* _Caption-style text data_
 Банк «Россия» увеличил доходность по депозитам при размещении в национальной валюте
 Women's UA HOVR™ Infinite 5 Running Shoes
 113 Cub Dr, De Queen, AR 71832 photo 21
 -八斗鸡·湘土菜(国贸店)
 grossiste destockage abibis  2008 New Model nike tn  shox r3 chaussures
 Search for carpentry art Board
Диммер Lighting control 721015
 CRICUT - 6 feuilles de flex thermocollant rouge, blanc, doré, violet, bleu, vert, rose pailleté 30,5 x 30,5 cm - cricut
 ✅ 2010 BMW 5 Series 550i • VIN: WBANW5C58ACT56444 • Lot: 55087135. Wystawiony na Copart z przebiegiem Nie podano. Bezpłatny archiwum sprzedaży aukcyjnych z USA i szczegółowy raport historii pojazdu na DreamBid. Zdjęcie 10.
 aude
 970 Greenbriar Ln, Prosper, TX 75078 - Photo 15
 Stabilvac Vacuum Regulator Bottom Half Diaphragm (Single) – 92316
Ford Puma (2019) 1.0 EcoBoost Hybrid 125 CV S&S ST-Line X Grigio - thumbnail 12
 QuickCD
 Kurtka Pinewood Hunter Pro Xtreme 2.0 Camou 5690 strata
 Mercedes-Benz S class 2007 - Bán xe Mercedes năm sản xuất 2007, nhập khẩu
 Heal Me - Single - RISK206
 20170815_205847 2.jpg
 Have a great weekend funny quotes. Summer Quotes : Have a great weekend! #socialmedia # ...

* * *

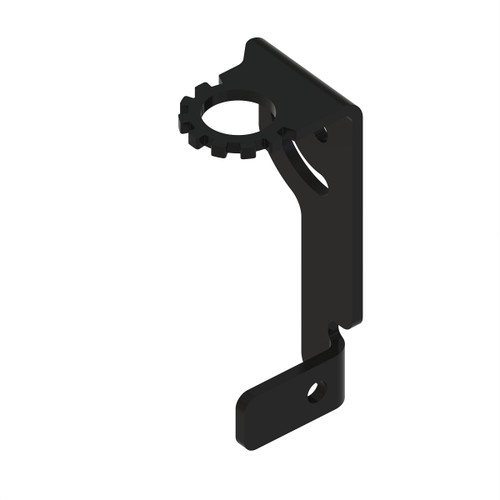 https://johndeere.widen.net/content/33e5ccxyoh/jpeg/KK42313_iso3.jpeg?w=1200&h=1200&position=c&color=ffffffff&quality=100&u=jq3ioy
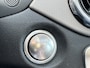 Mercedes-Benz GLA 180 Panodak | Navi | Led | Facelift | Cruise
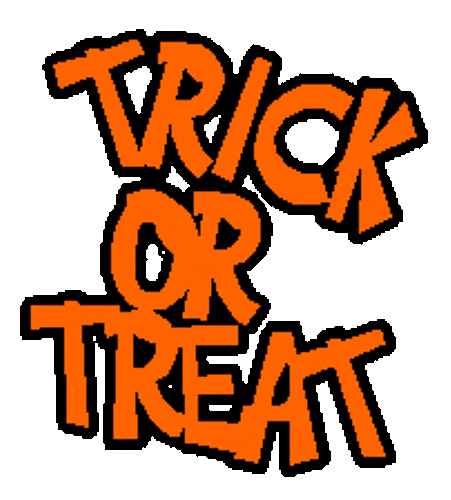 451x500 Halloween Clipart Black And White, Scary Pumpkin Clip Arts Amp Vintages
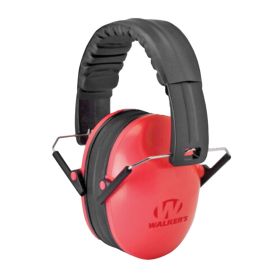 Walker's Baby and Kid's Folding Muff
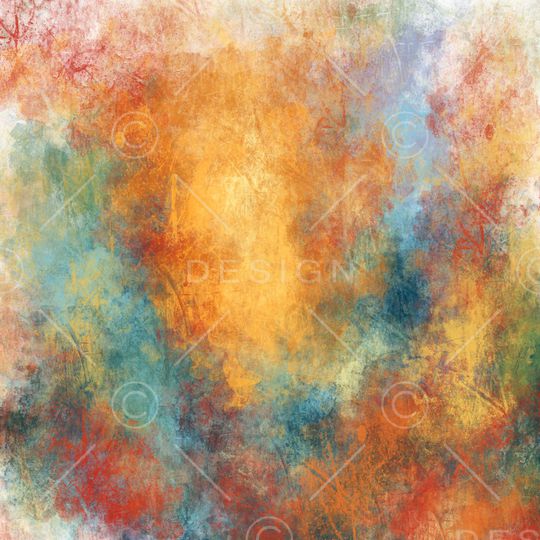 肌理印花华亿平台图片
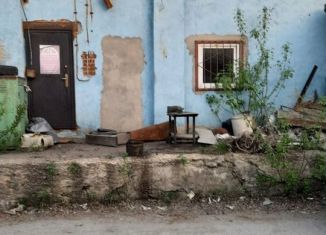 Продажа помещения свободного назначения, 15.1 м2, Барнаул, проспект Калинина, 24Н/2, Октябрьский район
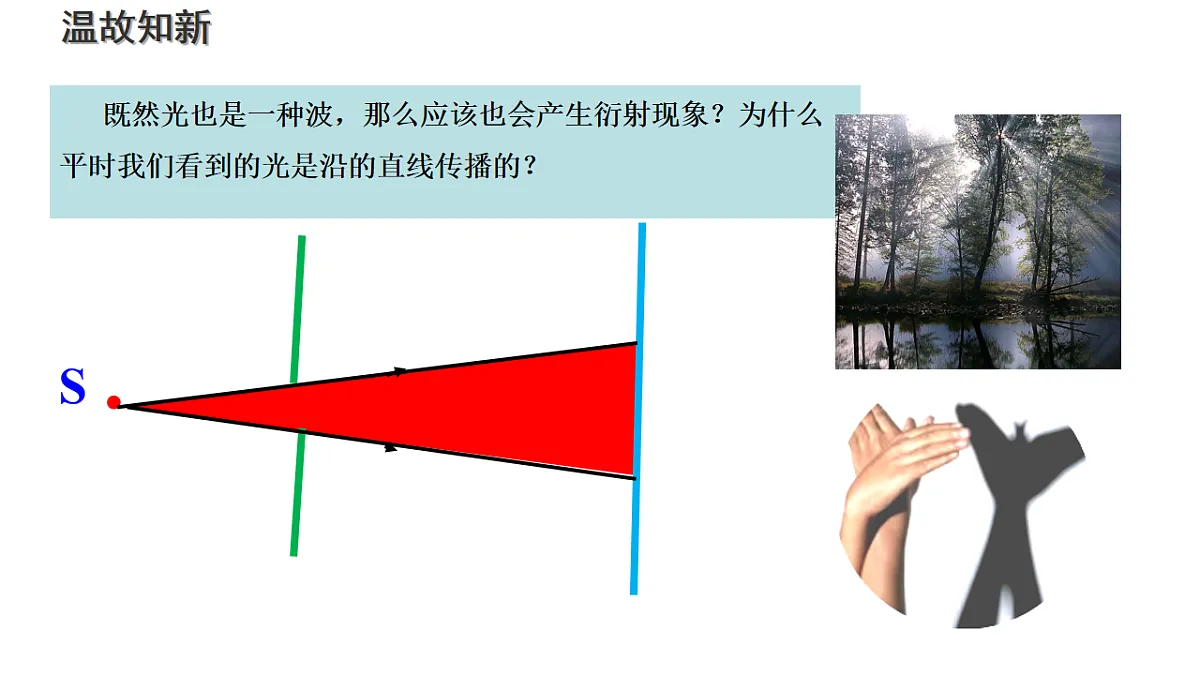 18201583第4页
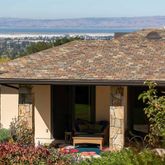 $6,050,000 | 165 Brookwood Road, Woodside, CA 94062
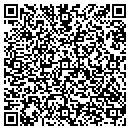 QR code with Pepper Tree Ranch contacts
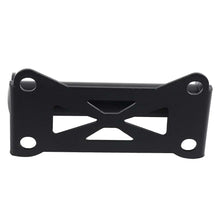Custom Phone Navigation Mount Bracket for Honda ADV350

* _Instructions for the task_
The reply should consist solely of the lines above from the one that has "-八斗鸡·湘土菜(国贸店)" through the one that has "Have a great weekend funny", reproduced exactly.

* _Result of the exercise_
 -八斗鸡·湘土菜(国贸店)
 grossiste destockage abibis  2008 New Model nike tn  shox r3 chaussures
 Search for carpentry art Board
Диммер Lighting control 721015
 CRICUT - 6 feuilles de flex thermocollant rouge, blanc, doré, violet, bleu, vert, rose pailleté 30,5 x 30,5 cm - cricut
 ✅ 2010 BMW 5 Series 550i • VIN: WBANW5C58ACT56444 • Lot: 55087135. Wystawiony na Copart z przebiegiem Nie podano. Bezpłatny archiwum sprzedaży aukcyjnych z USA i szczegółowy raport historii pojazdu na DreamBid. Zdjęcie 10.
 aude
 970 Greenbriar Ln, Prosper, TX 75078 - Photo 15
 Stabilvac Vacuum Regulator Bottom Half Diaphragm (Single) – 92316
Ford Puma (2019) 1.0 EcoBoost Hybrid 125 CV S&S ST-Line X Grigio - thumbnail 12
 QuickCD
 Kurtka Pinewood Hunter Pro Xtreme 2.0 Camou 5690 strata
 Mercedes-Benz S class 2007 - Bán xe Mercedes năm sản xuất 2007, nhập khẩu
 Heal Me - Single - RISK206
 20170815_205847 2.jpg
 Have a great weekend funny quotes. Summer Quotes : Have a great weekend! #socialmedia # ...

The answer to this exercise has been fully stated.